I have the following construct.

   pub fn get_double_tokens(css_path : &str) -> Vec<CSSToken> {
        let css_token_list: &mut Vec<CSSToken> = &mut Vec::new();
        check_files(css_token_list, css_path);
        search_for_double_tokens(css_token_list);
        css_token_list; <- not working because wrong type
    }

    fn check_files(list: &mut Vec<CSSToken>, path: &str)  {
          ..... 
    }

The function check_files ist recursivly called and modifies the content of the css_token_list (Bei adding elements). So the list must be mutable first. But the resulting (returned) list should be inmutable, so that I can call get_double_tokens in that way

let css_token_list = get_double_tokens("path");

and get back a reference to an unmutable list (because mutable is not nessecary here)

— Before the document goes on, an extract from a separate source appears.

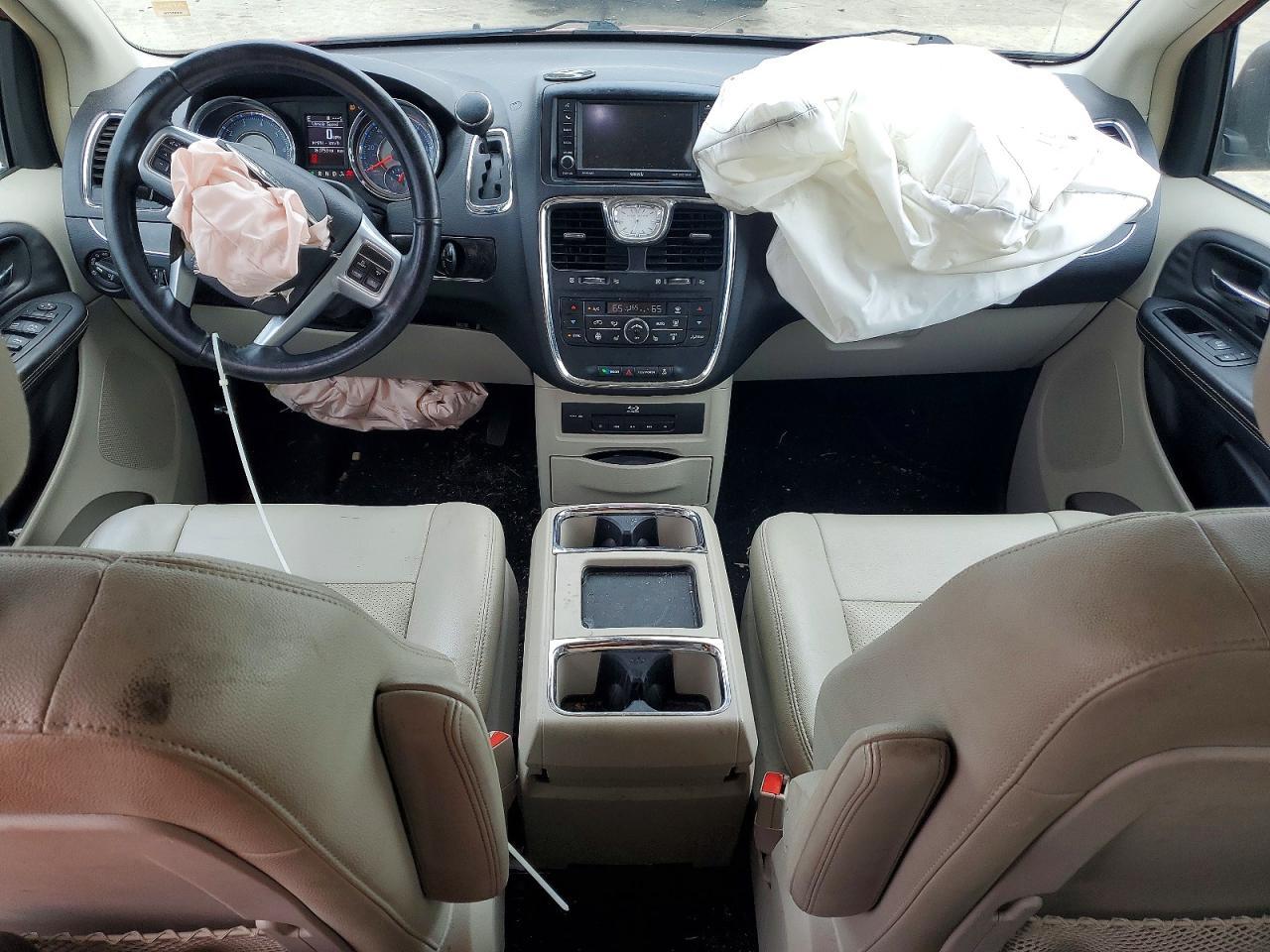 2013 Chrysler Town & Country Touring l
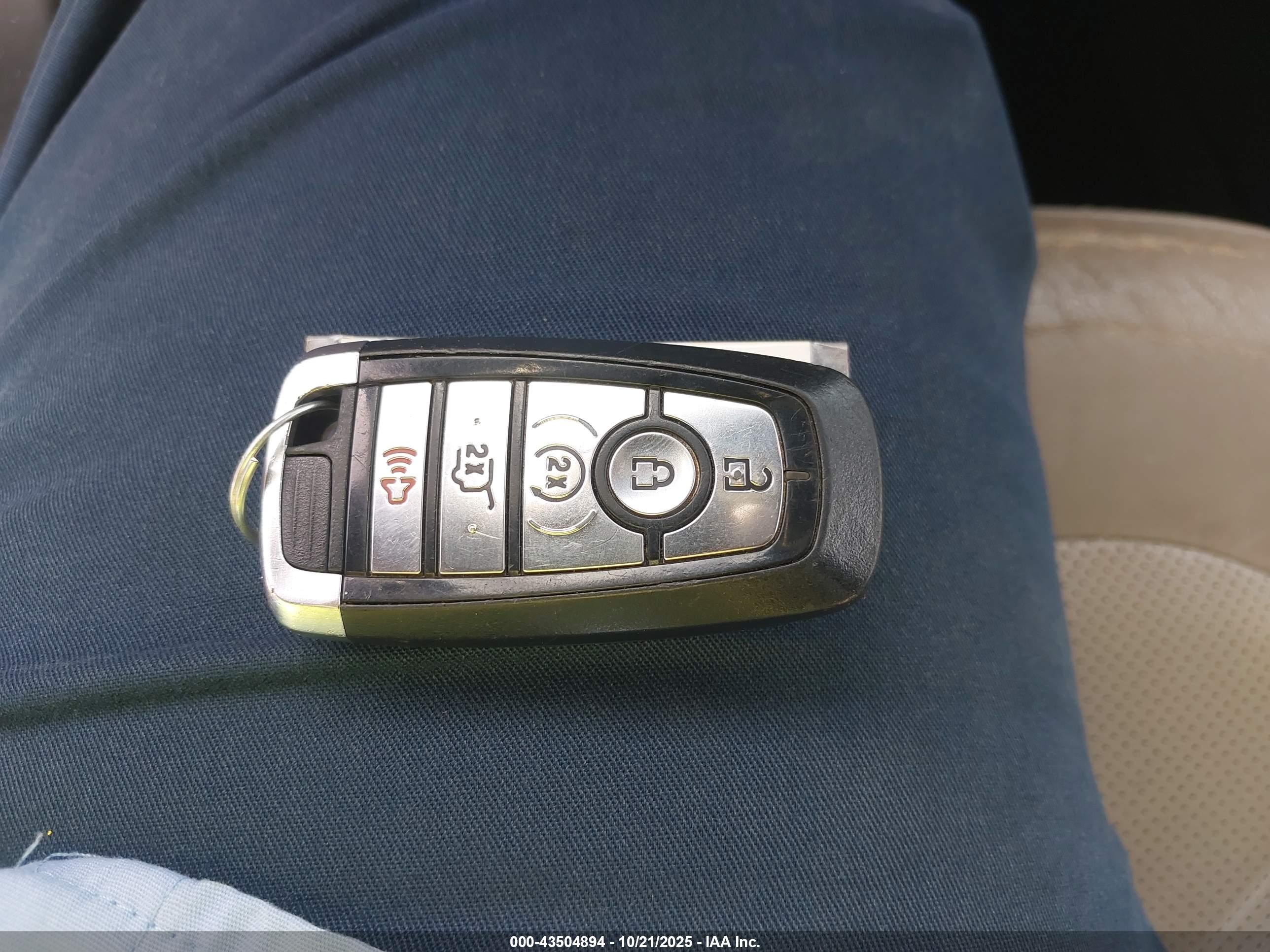 FORD EXPLORER image 11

How is this handled in Rust?

Thanks

Claus

There's not really a way to prevent the user from mutating the returned Vec<CSSToken>; they own it, so they're allowed to do whatever they want with it. If you want to prevent that, you could return a Box<[CSSToken]> by calling the into_boxed_slice() method on css_token_list, but that's not really idiomatic Rust; I'd just leave it at returning a Vec:

pub fn get_double_tokens(css_path: &str) -> Vec<CSSToken> {
    let css_token_list = Vec::new();
    check_files(&mut css_token_list, css_path);
    search_for_double_tokens(&mut css_token_list);
    css_token_list
}
1 Like

It also doesn't work because you can go from a boxed slice into a Vec with From/Into.

If you really care the Vec isn't modified, you could use the new type pattern/idiom.

Also Rust's references are not just pointers, meaning this: &mut Vec::new() has no reason (I can think of) to exist.

This isn't a complete solution doesn't because you could overwrote the whole new type, but it does make it significantly harder to mutate the vec.

What to you mean by:

reassign something else?

Yes, but thinking about it some more I guess that isn't the type of mutation they want to block. So a newtype is a good solution to this.